- [About this task]: Write the entries below out again exactly; any picture in them stays out.

(Image-text web data)
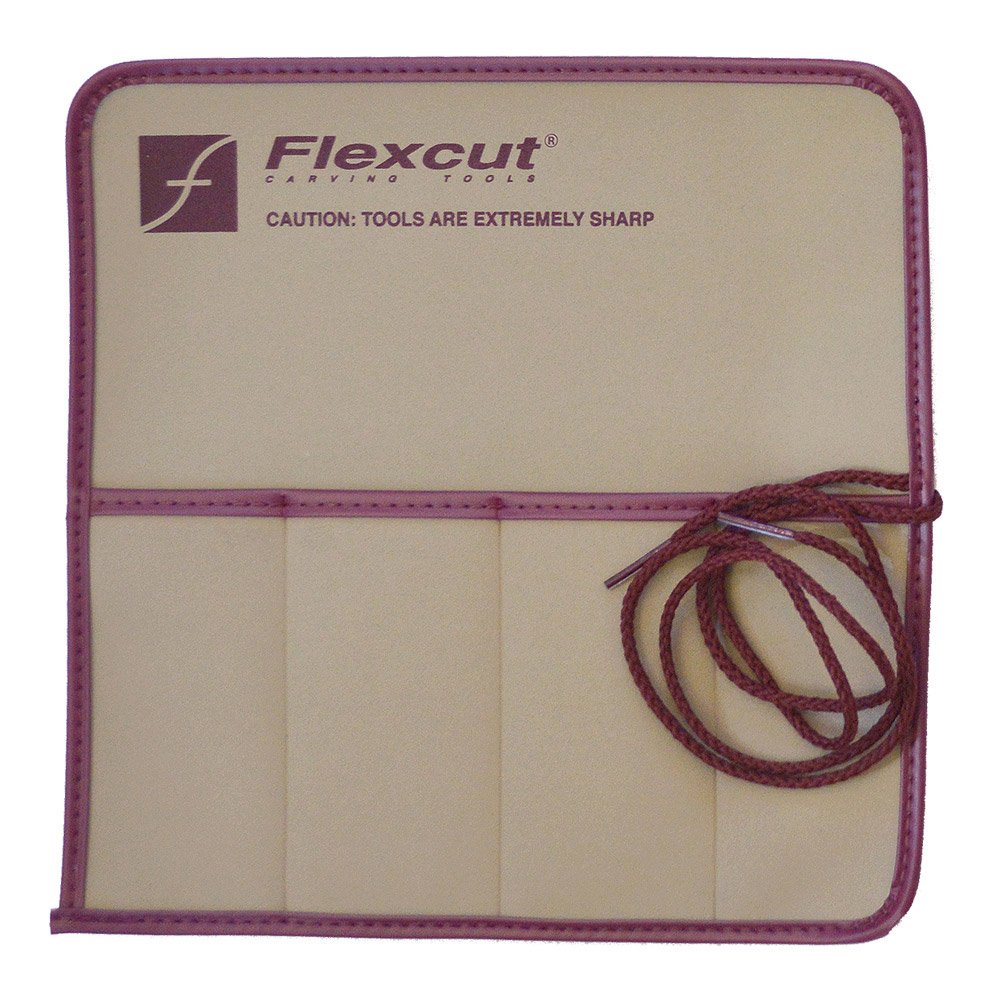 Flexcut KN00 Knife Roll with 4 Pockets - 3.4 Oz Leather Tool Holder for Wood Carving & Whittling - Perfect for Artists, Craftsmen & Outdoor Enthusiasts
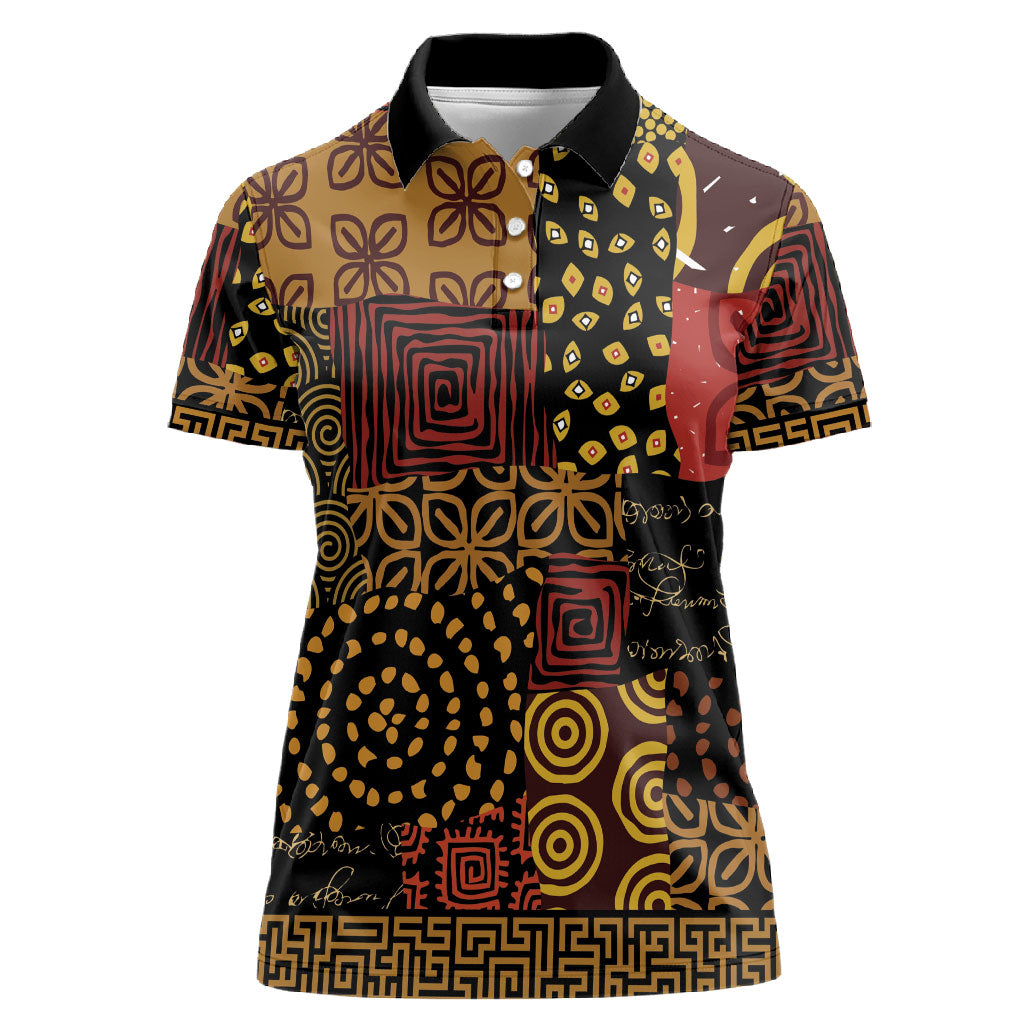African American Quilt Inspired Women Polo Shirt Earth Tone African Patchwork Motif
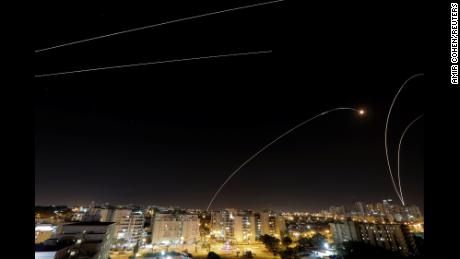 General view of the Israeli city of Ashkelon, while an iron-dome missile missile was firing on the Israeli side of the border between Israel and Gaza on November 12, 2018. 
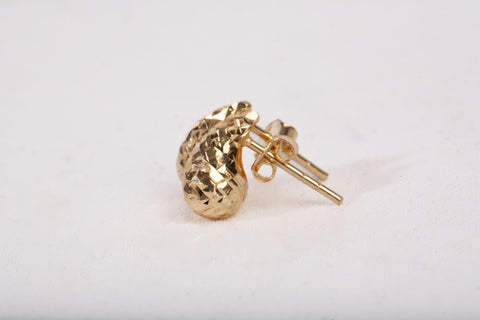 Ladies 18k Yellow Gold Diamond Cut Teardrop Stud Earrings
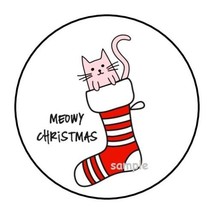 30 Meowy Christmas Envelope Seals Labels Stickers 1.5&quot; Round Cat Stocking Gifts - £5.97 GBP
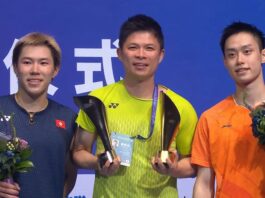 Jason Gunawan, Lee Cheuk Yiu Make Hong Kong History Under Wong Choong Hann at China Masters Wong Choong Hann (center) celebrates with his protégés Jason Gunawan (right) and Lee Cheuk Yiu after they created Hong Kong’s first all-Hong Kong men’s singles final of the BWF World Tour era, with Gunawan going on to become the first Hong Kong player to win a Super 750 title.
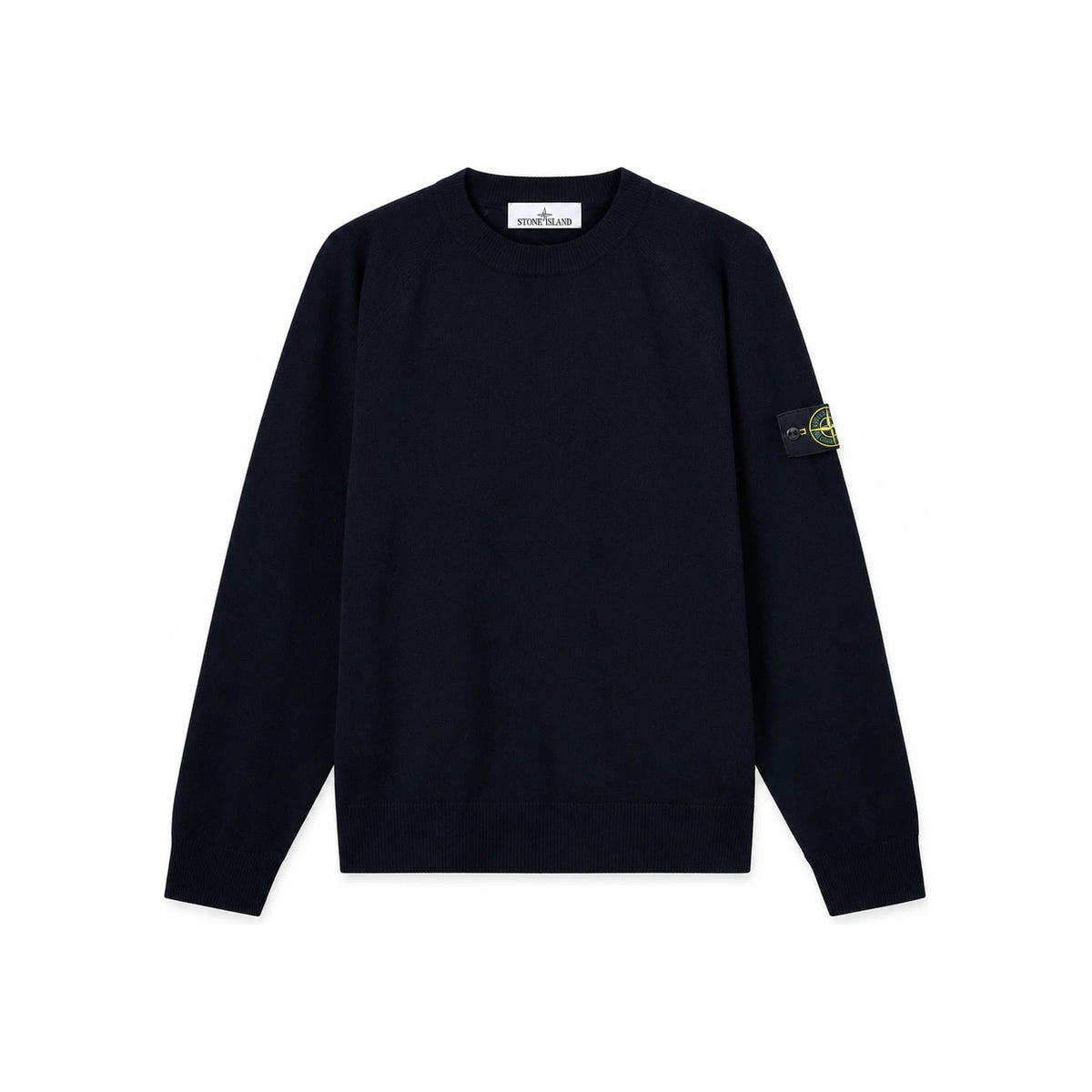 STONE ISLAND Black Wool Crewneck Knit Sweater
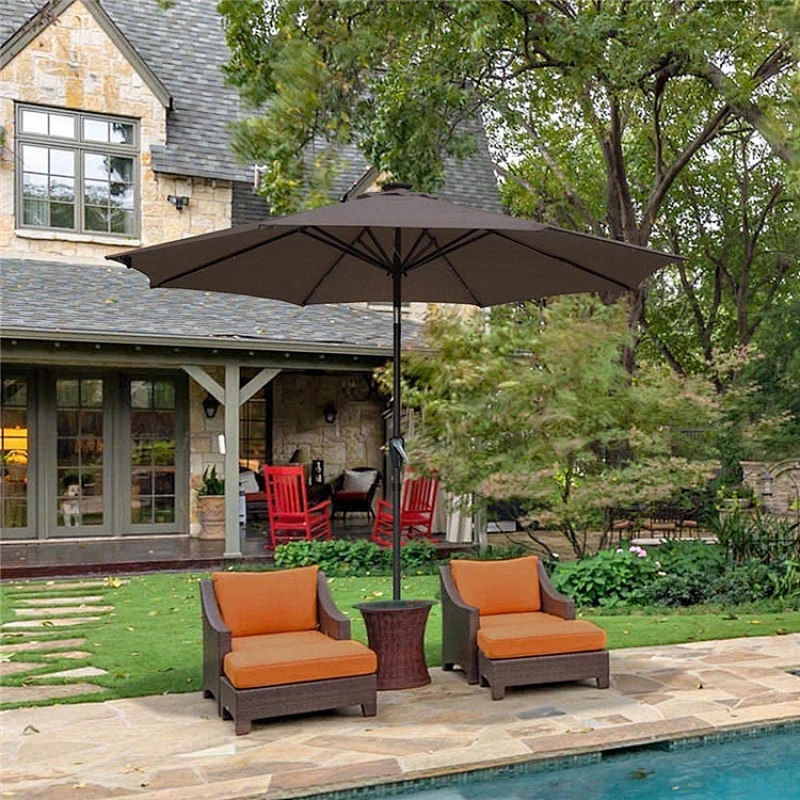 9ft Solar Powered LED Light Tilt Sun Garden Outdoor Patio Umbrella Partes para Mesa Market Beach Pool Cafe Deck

- [Written response]:
 Flexcut KN00 Knife Roll with 4 Pockets - 3.4 Oz Leather Tool Holder for Wood Carving & Whittling - Perfect for Artists, Craftsmen & Outdoor Enthusiasts
African American Quilt Inspired Women Polo Shirt Earth Tone African Patchwork Motif
 General view of the Israeli city of Ashkelon, while an iron-dome missile missile was firing on the Israeli side of the border between Israel and Gaza on November 12, 2018. 
 Ladies 18k Yellow Gold Diamond Cut Teardrop Stud Earrings
 30 Meowy Christmas Envelope Seals Labels Stickers 1.5&quot; Round Cat Stocking Gifts - £5.97 GBP
 Jason Gunawan, Lee Cheuk Yiu Make Hong Kong History Under Wong Choong Hann at China Masters Wong Choong Hann (center) celebrates with his protégés Jason Gunawan (right) and Lee Cheuk Yiu after they created Hong Kong’s first all-Hong Kong men’s singles final of the BWF World Tour era, with Gunawan going on to become the first Hong Kong player to win a Super 750 title.
 STONE ISLAND Black Wool Crewneck Knit Sweater
 9ft Solar Powered LED Light Tilt Sun Garden Outdoor Patio Umbrella Partes para Mesa Market Beach Pool Cafe Deck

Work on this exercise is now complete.